PW of the old would have scoffed. Ha! You don’t have to teach kids how to be blerrie good husbands and mothers and parents, when the time comes, they just do it, rite? It’s the most natural thing in the world!
And therein lays the sobering thought: he grew up in cold, harsh Die Uitkyk where there was not much kindness around. Success was measured terms of harvest and health, and in level of obedience to God. Thus, his father was always too busy with the farm whilst his mother was too weak and ill to get out of her sickbed to teach her sons and daughters some very important lessons in life. Like how to be good husbands, wives and parents. Like kindness.
“Your Ma’s probably right.”
They walked on. PW wrestled with the deep, disquieting thoughts that had been plaguing him for years. He decided to plough ahead and ask his son, for if a man cannot talk to his son, who can he talk to? “Do you think I am a good husband to your mother, Hennie, and a good father to you and your brothers?”
“Yes, Pa,” came the dutiful reply.
“Come on, Boy, speak the truth!”
“No. I won’t speak the truth.”
PW stopped walking and turned to face his son. “Remember the conversation we had about being brave like a lion? Think of yourself as one, and roar out your answer. Never be afraid to speak the truth, Hennie.”
“I am not afraid of you, Pa. I am not telling you the truth because Ma said truth is not worth it if it brings pain to someone. That’s the big lesson we had to learn, when to speak and when not to speak at all.”
“I am a scientist, I need to know the truth. That’s always the case with me, Hennie, I always want to find out answers, whatever they may be.

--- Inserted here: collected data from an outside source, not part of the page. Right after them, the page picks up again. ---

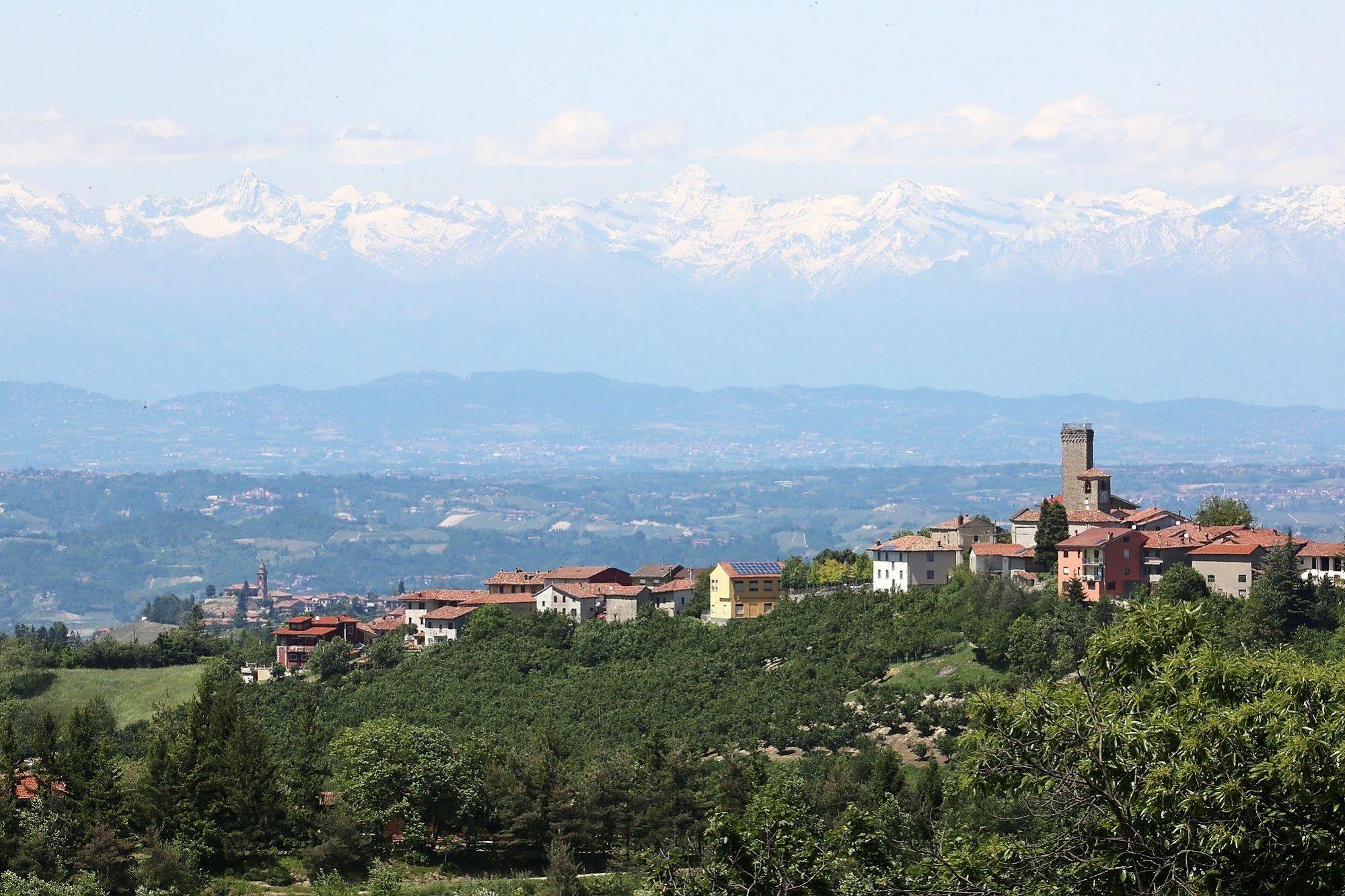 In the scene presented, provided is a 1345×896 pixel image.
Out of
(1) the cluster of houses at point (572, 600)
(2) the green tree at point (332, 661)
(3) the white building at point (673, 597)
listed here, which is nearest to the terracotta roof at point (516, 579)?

The not knowing torments me.”
“In that case, Pa, you have not been good for us.” It hurt the boy to say it, but there, it was out there now. He asked for it.
My God, truth hurts. And to be told that one is not a good parent hurts more than anything.
Stung by his son’s answer, PW recoiled. “Thank you, Hennie,” he said simply, with genuine gratitude.
They walked on in silence for a bit, then Hennie spoke. “Ma said not to be angry at you, because it is not your fault. Your parents did not teach you kindness. They had tried to make you tough.”
“Yes, my parents did that. I was never good enough. There was a lot of unkindness in my childhood. But maybe that’s the Boer way, we have to grow tough children for the tough life out here.”
“Ma said it’s more important to teach children how to be kind. Because with kindness, you get better results.”
What was it that Karin said? Love is the most efficient law.
“Sometimes, people hurt you because they are hurting inside. Even if they are kind, they forget about their kindness when their own hurt is bad. Are you hurting inside, Pa? Is that why you made Ma cry?”